═════ SOURCE DATA ═════

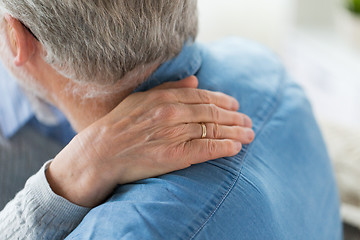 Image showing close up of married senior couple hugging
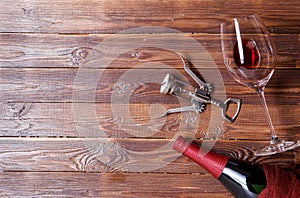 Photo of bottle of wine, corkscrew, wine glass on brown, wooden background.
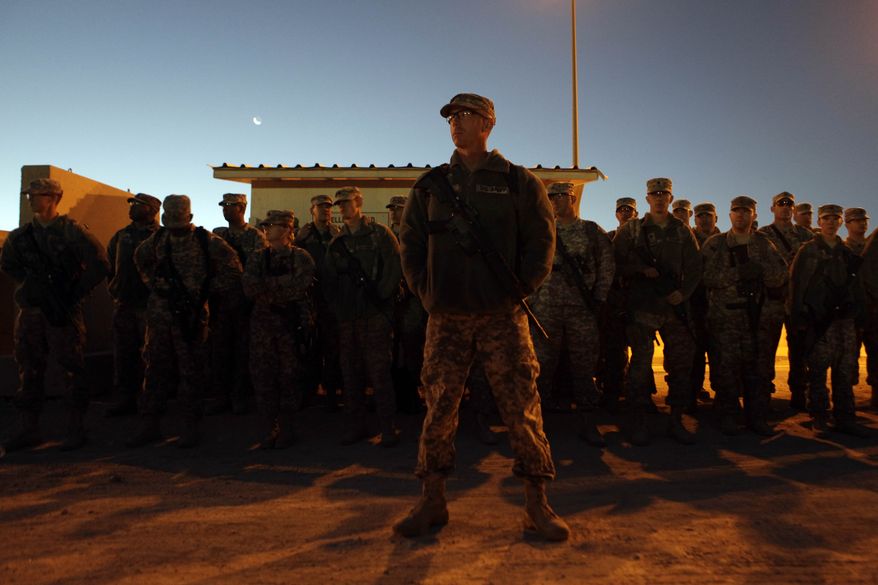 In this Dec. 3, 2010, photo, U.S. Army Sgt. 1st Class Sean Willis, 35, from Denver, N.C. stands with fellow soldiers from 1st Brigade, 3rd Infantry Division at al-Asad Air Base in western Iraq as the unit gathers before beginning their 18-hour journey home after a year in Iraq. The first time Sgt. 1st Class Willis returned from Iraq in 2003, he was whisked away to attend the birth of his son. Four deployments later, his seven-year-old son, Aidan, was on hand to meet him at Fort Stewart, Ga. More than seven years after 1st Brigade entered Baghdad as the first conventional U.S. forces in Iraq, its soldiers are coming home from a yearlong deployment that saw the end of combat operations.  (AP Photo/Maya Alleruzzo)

═════
═════ SOURCE DATA ═════

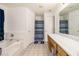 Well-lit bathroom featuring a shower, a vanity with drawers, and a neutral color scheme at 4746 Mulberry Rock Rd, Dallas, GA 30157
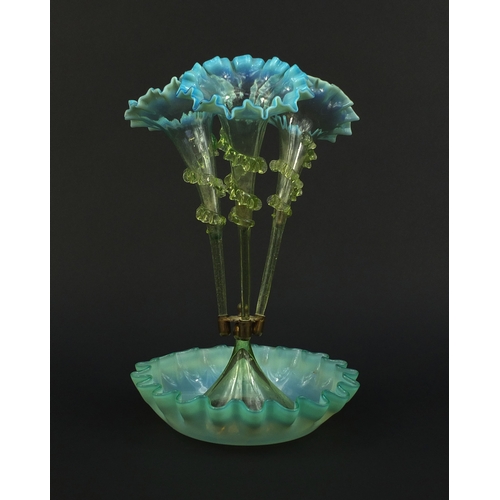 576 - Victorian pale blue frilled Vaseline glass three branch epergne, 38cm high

═════

* _GOAL OF THE EXERCISE_: Output only the lines above from the line that holds "Image showing close" through the line that holds "In this Dec.", both ends included, and exclude pictures.

* _WRITTEN ANSWER_:
 Image showing close up of married senior couple hugging
 Photo of bottle of wine, corkscrew, wine glass on brown, wooden background.
 In this Dec. 3, 2010, photo, U.S. Army Sgt. 1st Class Sean Willis, 35, from Denver, N.C. stands with fellow soldiers from 1st Brigade, 3rd Infantry Division at al-Asad Air Base in western Iraq as the unit gathers before beginning their 18-hour journey home after a year in Iraq. The first time Sgt. 1st Class Willis returned from Iraq in 2003, he was whisked away to attend the birth of his son. Four deployments later, his seven-year-old son, Aidan, was on hand to meet him at Fort Stewart, Ga. More than seven years after 1st Brigade entered Baghdad as the first conventional U.S. forces in Iraq, its soldiers are coming home from a yearlong deployment that saw the end of combat operations.  (AP Photo/Maya Alleruzzo)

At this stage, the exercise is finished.